Friday, June 29, 2012
Laughing and Crying
This week has been quite a roller-coaster
emotionally for me.
Our son had a job interview in
Phoenix. He was excited and went with
the frame of mind that he had the job.
Our daughter-in-law went with him-all on his given days off. We had “custody” of the grand pups.
They stayed with our daughter and
surprised (read that scared the pants off) our nephews by hiding behind
furniture and having them find them.
“Grandma, Uncle Adam and Auntie Sam scared
us and we screamed!”
Our daughter was thrilled to have her kid
brother-if only for the brief 48 hours.
She wanted him to get the job as much as he wanted to get it.

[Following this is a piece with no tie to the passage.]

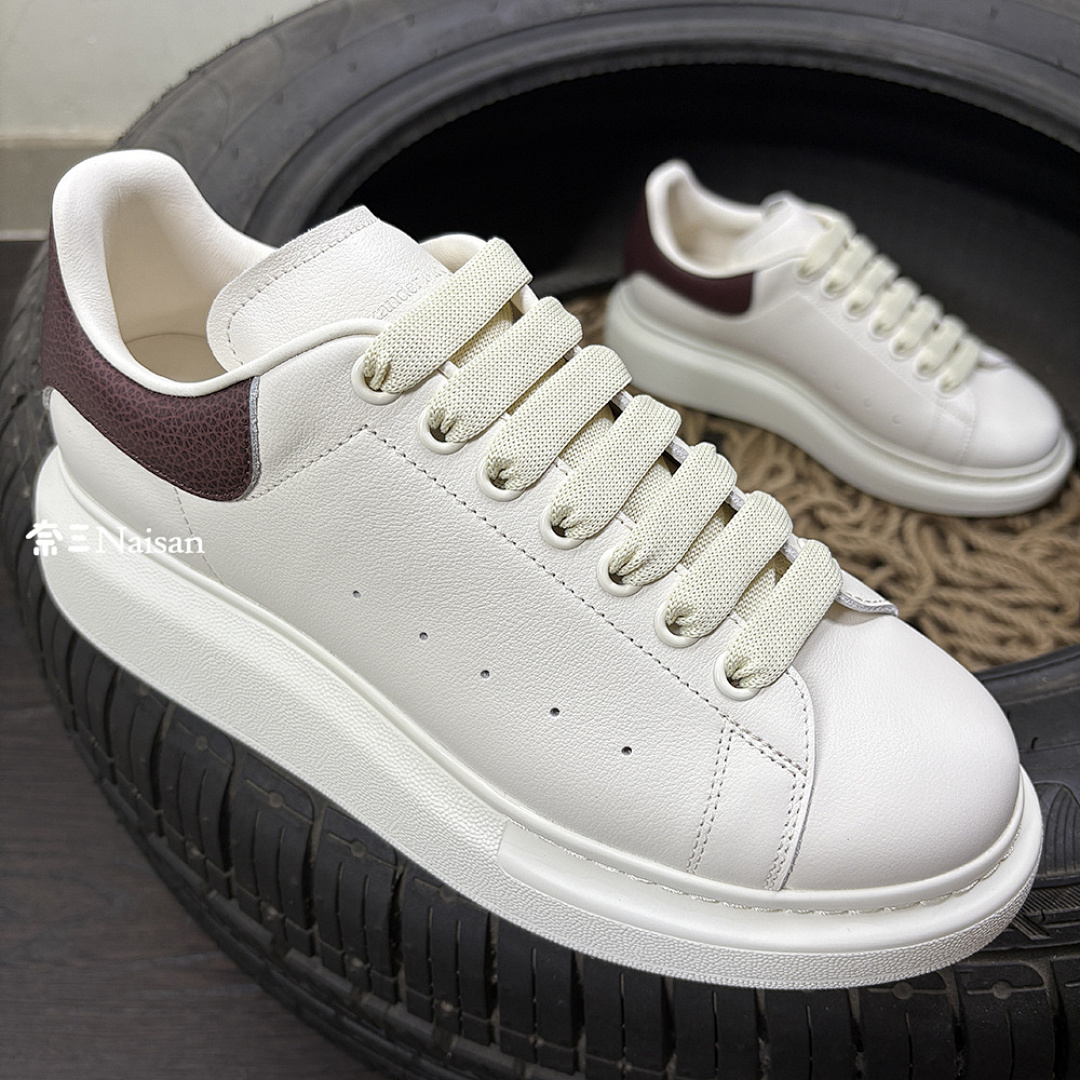 Christian Louboutin Christian Louboutin - Image 8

Sarah’s need for us all to move closer has been
quite clear from the start.
His interview was Wednesday morning-they
planned on leaving right afterwards to come pick up the dogs.
But his wish came true and he wound up
staying at interview #1 for 2 hours and then going straight into #2 for another
2 hours. The job offer was made and his
starting date is July 9th.
He sounds happier and more relaxed than
I’ve heard him in over a year. Let’s
face it, working 100 hours a week and then told that it isn’t near enough is
not exactly music to any employees ears.
Our daughter-in-law will remain here with
us until the condo is sold and her job ends at the end of summer.
I’m thrilled for them and missing them
already. I’m happy at my son sounding
happy and crying because I know that now both my kids and my adopted kids will
no longer be either down the street or even in the state.
And to make matters worse, my husband
wishes he could sell our home and join them in their new home state as well.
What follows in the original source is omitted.